Results: 12 HLA B27 positive, 6 HLA B27 negative ERA patients and 6 HLA B27 negative HC were included. Clinical features such as arthritis, enthesitis and sacroiliitis were more common in HLA-B27 positive ERA patients than in B27 negative patients (Table1). HLA B27 positive patients had higher disease activity compared with HLA B27 negative patients.
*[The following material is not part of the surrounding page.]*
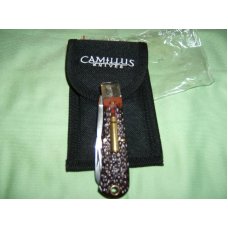 CAMILLUS  HORNADY BULLET SHIELD TRAPPER / BELT SHEATH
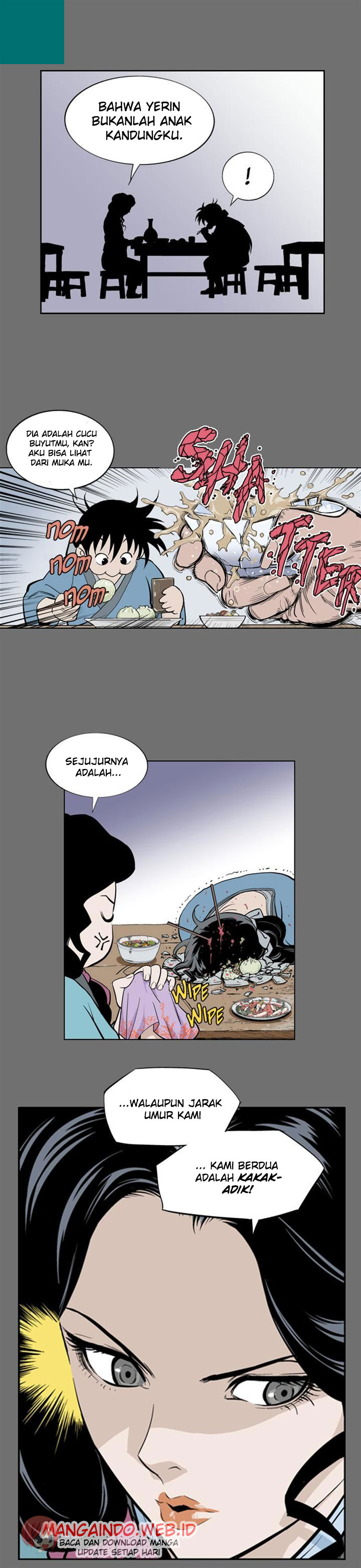 Gosu Chap 10 - Next Chap 11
Monocytes of HLA-B27 positive ERA patients had more than 1.5-fold increase in mRNA expression of IL-1β, NLRP3, and TLR4 than HC. On the other hand, monocytes from HLA-B27 positive ERA patients also had more than 1.5-fold increase in mRNA expression of IL-18, NLRP3, and TLR4 as compared to monocytes from HLA-B27 negative patients. Monocytes from HLA B27 positive ERA patients produce more IL-1β than HLA B27 negative HC (p< 0.01). After LPS stimulation, there was further increase in mRNA expression of all the 4 genes and IL-1β production (p< 0.001). In comparison to HLA-B27 negative HC (p< 0.05) and HLA -B27 negative ERA patients (p< 0.05), the caspase expression was greater in HLA B27 positive ERA patients (Figure1). Expression of mRNA related to UPR activation (BiP and sXBP1, IRE1α) were similar in all 3 groups.
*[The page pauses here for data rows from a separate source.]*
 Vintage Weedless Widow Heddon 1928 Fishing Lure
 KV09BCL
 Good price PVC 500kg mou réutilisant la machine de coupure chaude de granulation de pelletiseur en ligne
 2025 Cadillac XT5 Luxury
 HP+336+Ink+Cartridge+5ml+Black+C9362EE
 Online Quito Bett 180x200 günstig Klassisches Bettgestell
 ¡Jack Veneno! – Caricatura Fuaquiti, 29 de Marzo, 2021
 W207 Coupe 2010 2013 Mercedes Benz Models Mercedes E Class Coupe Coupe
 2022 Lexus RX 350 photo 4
Paired analysis of monocytes from SFMCs of HLA B27 positive patients revealed 1.5-fold higher expression of IL-18, NLRP3, TLR4, BiP, sXBP 1, and IRE1α as compared to PBMCs. IL23R mRNA expression was only present in the monocytes isolated from SFMCs.

Conclusion: Activation of inflammasome pathway in the circulating monocytes and activation of both ER stress and inflammasome pathway at local site may contribute to higher inflammation burden and more severe disease in HLA-B27 positive ERA patients.